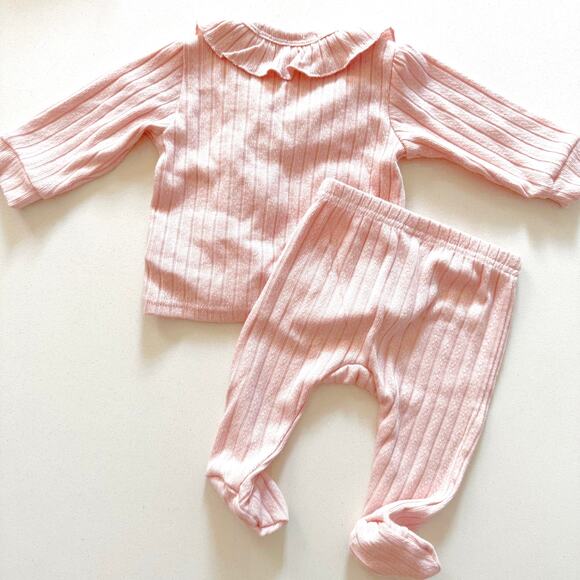 RZ Baby by Rachel Zoe 2 Piece Knit Set in Pink - Picture 2 of 5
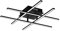 EGLO LED Deckenleuchte Lasana 3, 4 flammige Wandlampe, Deckenlampe aus Stahl in Schwarz und Kunststoff in Weiß, Wohnzimmerlampe, warmweiß, L x B 50 cm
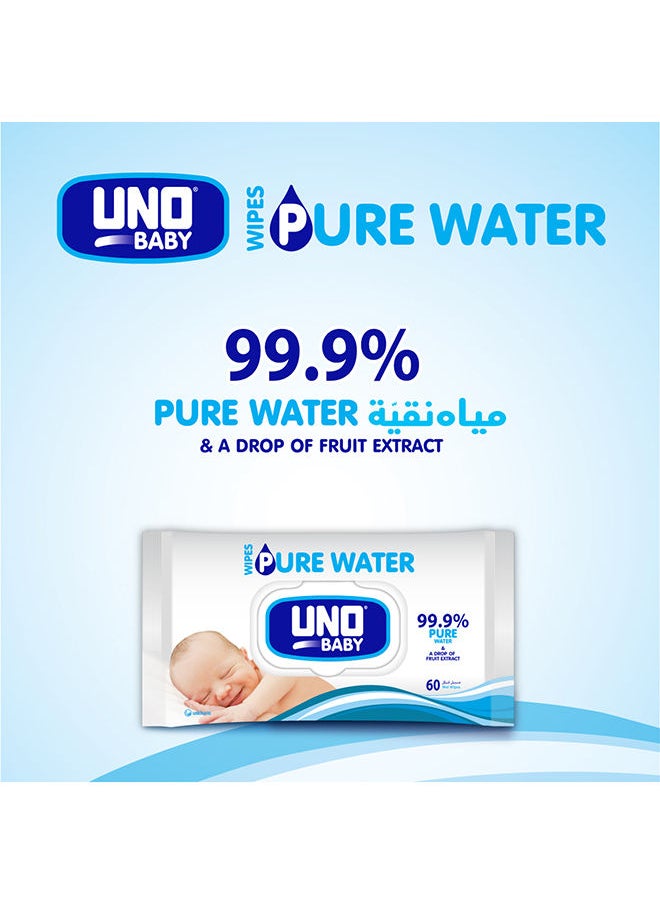 Mattel Games Baby Pure Water Wipes by Babyjoy, 99.9% Pure Water 24 x 28, 672 Wipes  - Image 2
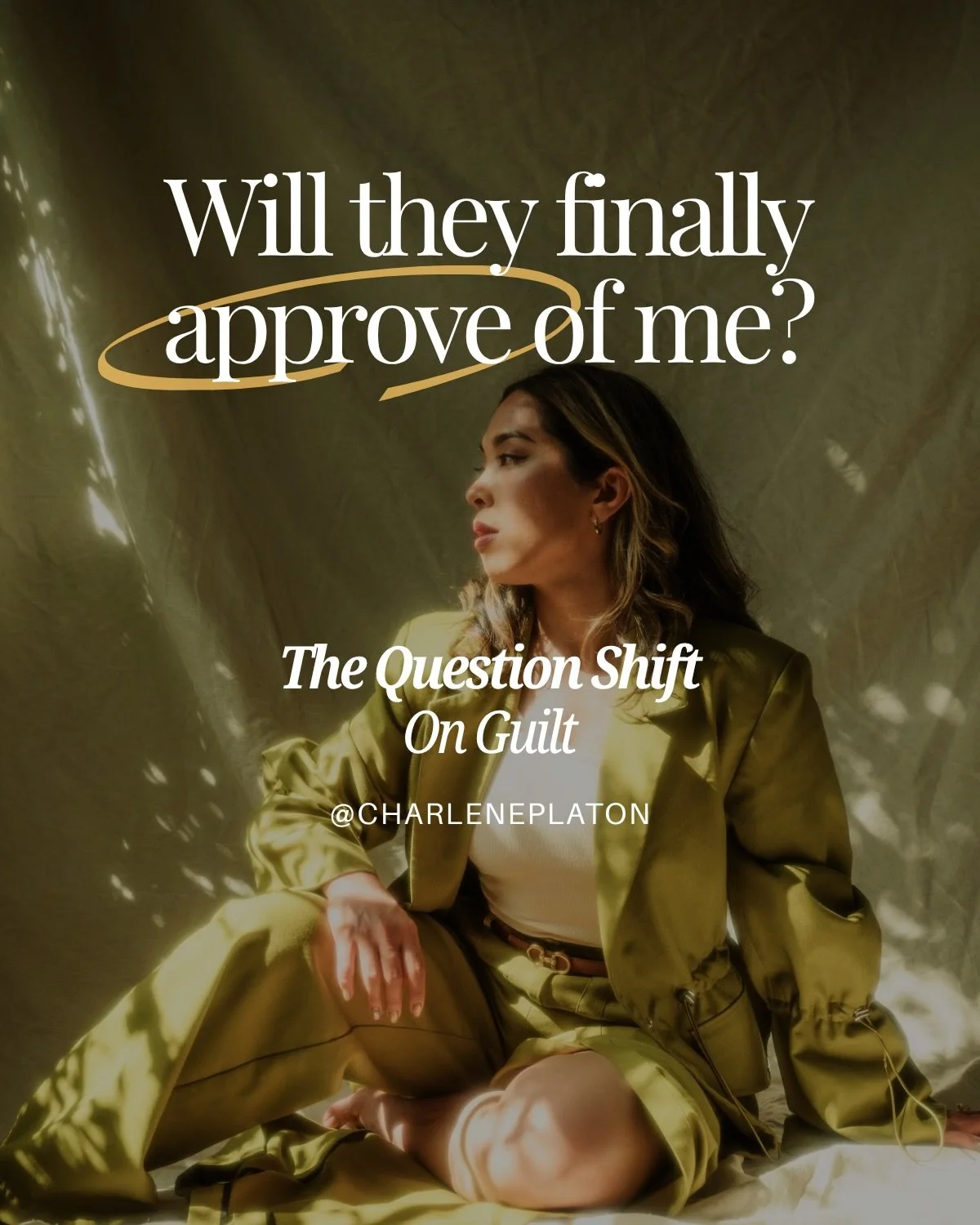 Guilt has a way of making you believe that if you just did more, explained yourself better, or stayed a little smaller, the approval would finally come.

For me, it never did.

Because the permission I was waiting for was always mine to give.

I spen
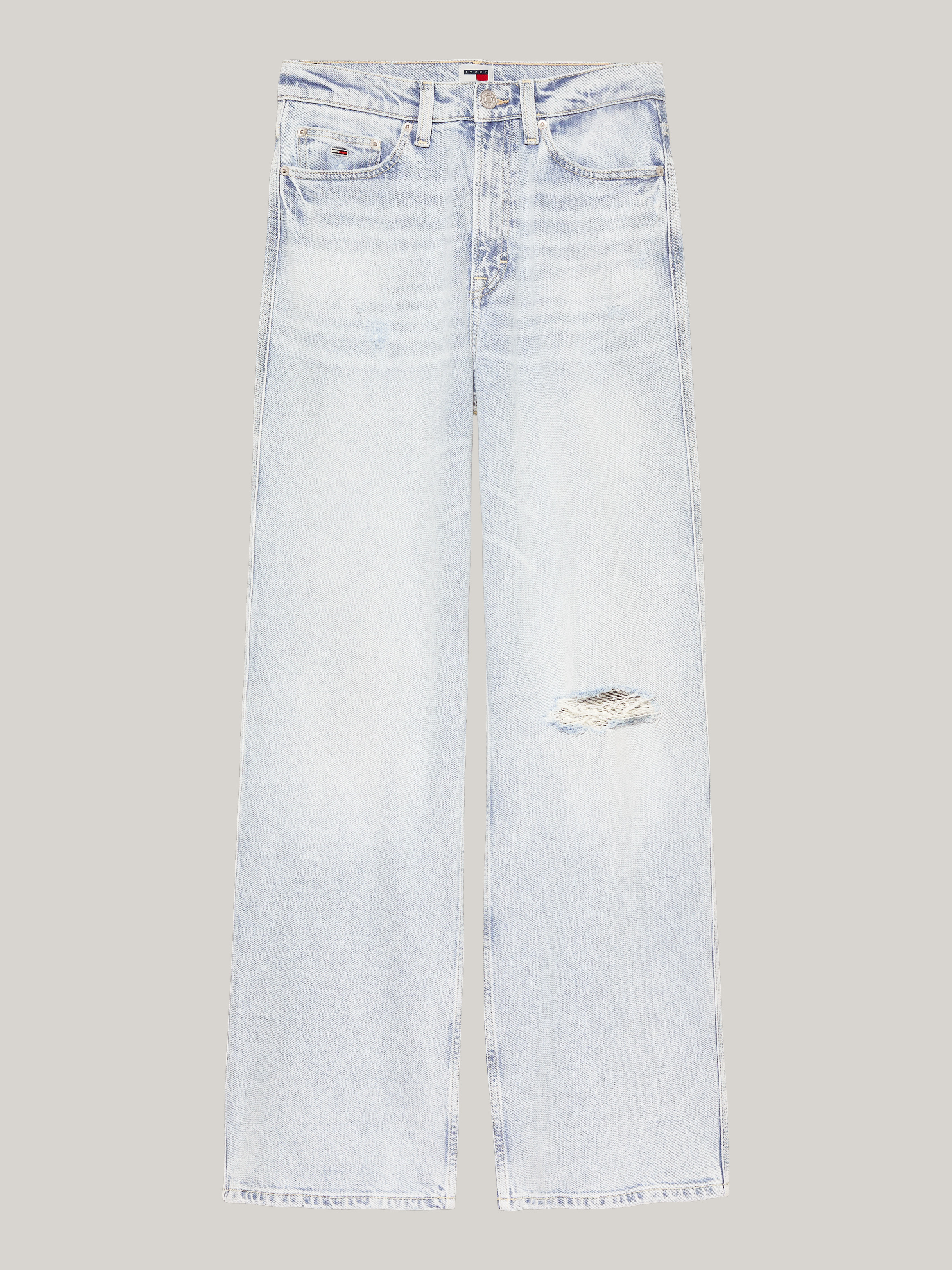 High Rise Wide Leg Distressed Jeans | Jeans | Tommy Jeans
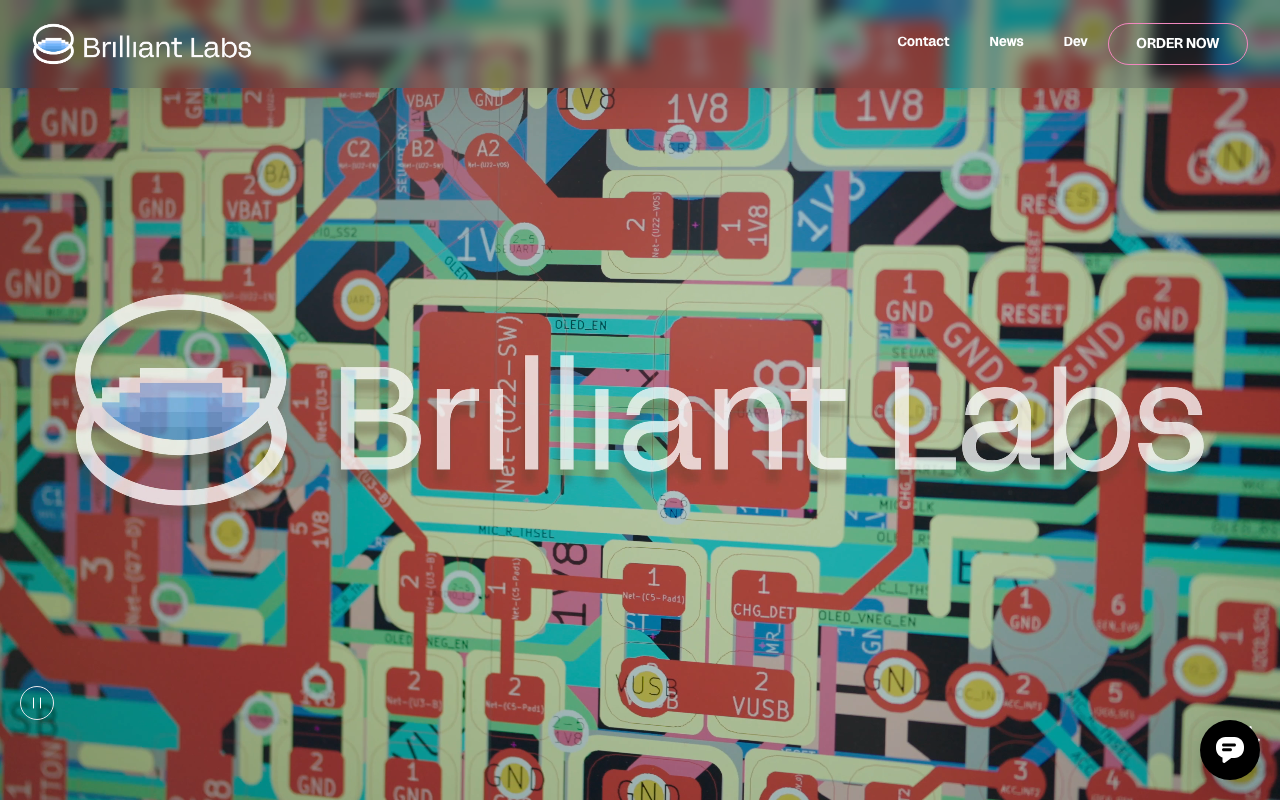 Brilliant Labs homepage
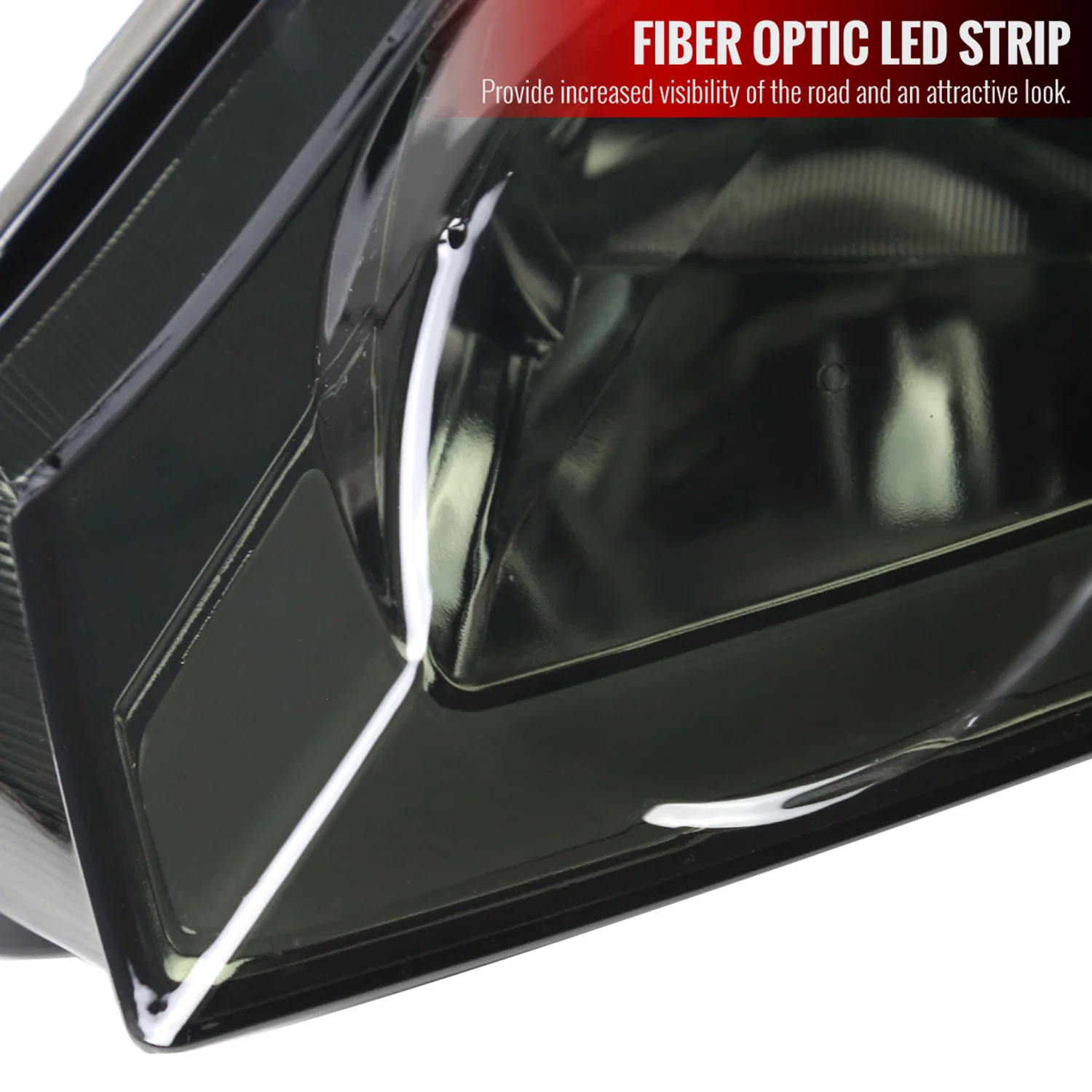 2006-2011 Honda Civic 4DR Sedan Factory Headlights w/LED Strip Chrome/Smoke - Image 5
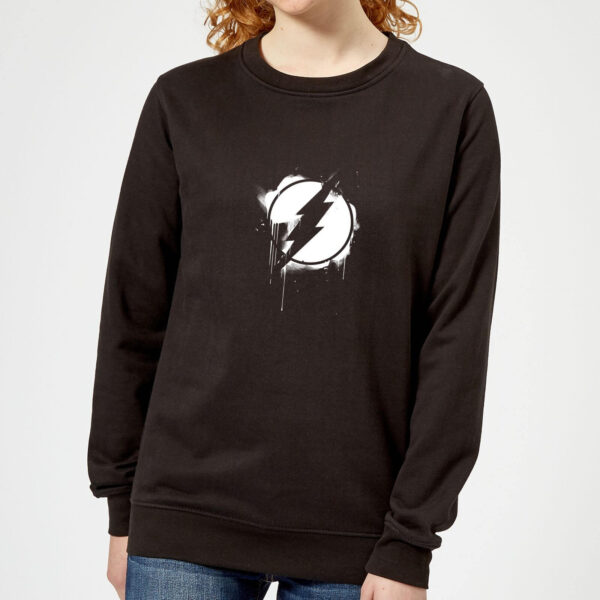 Justice League Graffiti The Flash Women's Sweatshirt - Black - XS - Schwarz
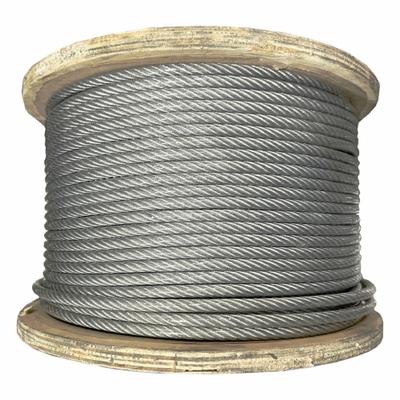 LEXCO CABLE Wire Rope: Vinyl, Galvanized Steel, 7 x 7, 54 lb Working Load Limit - UV-Resistant Vinyl-Coated Wire Rope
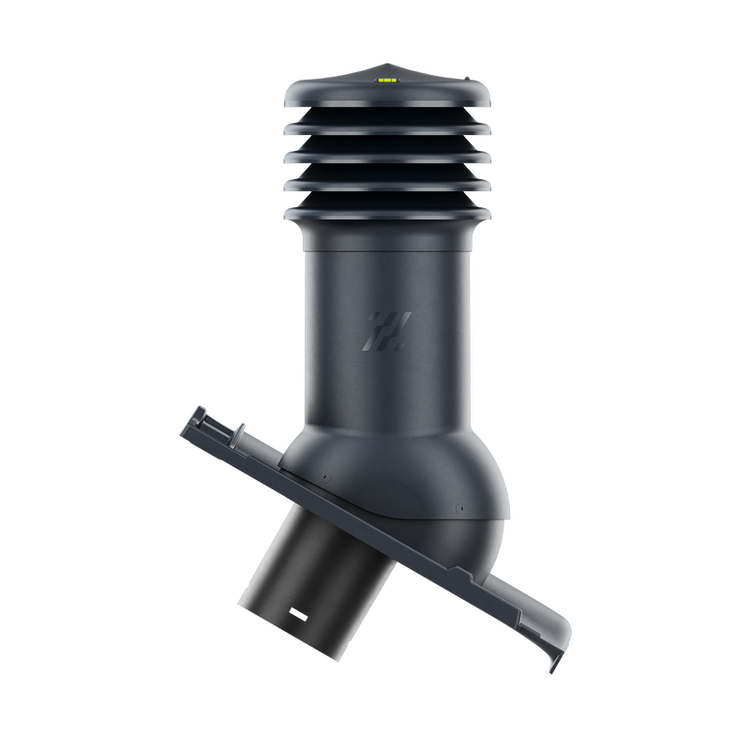 Kominek wentylacyjny do dachówki RUBIN 9V ANTRACYT ANGOBA fi125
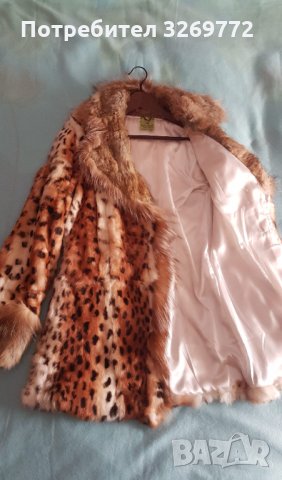 Атрактивно, ново дамско заешко кожухче, S , снимка 6 - Палта, манта - 35257629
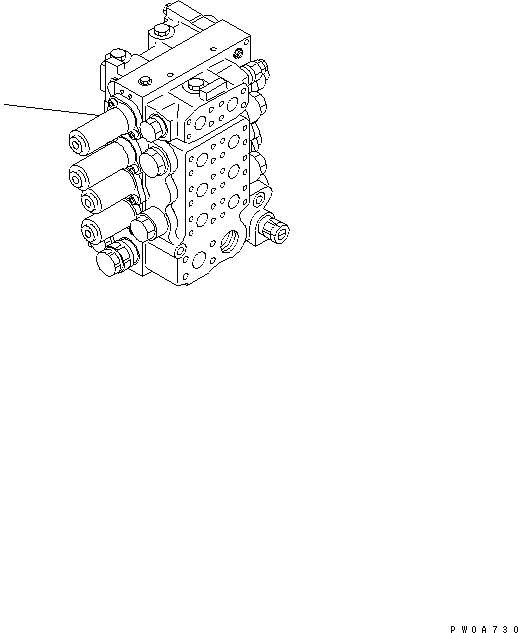 Управляющий клапан 723-64-22200 KOMATSU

*Exercise:*
Each line above from the one containing "For me, it never did." through the one containing "Kominek wentylacyjny do" is to be returned verbatim. Nothing else, and no pictures.

*Answer below:*
For me, it never did.

Because the permission I was waiting for was always mine to give.

I spen
 High Rise Wide Leg Distressed Jeans | Jeans | Tommy Jeans
 Brilliant Labs homepage
 2006-2011 Honda Civic 4DR Sedan Factory Headlights w/LED Strip Chrome/Smoke - Image 5
 Justice League Graffiti The Flash Women's Sweatshirt - Black - XS - Schwarz
 LEXCO CABLE Wire Rope: Vinyl, Galvanized Steel, 7 x 7, 54 lb Working Load Limit - UV-Resistant Vinyl-Coated Wire Rope
 Kominek wentylacyjny do dachówki RUBIN 9V ANTRACYT ANGOBA fi125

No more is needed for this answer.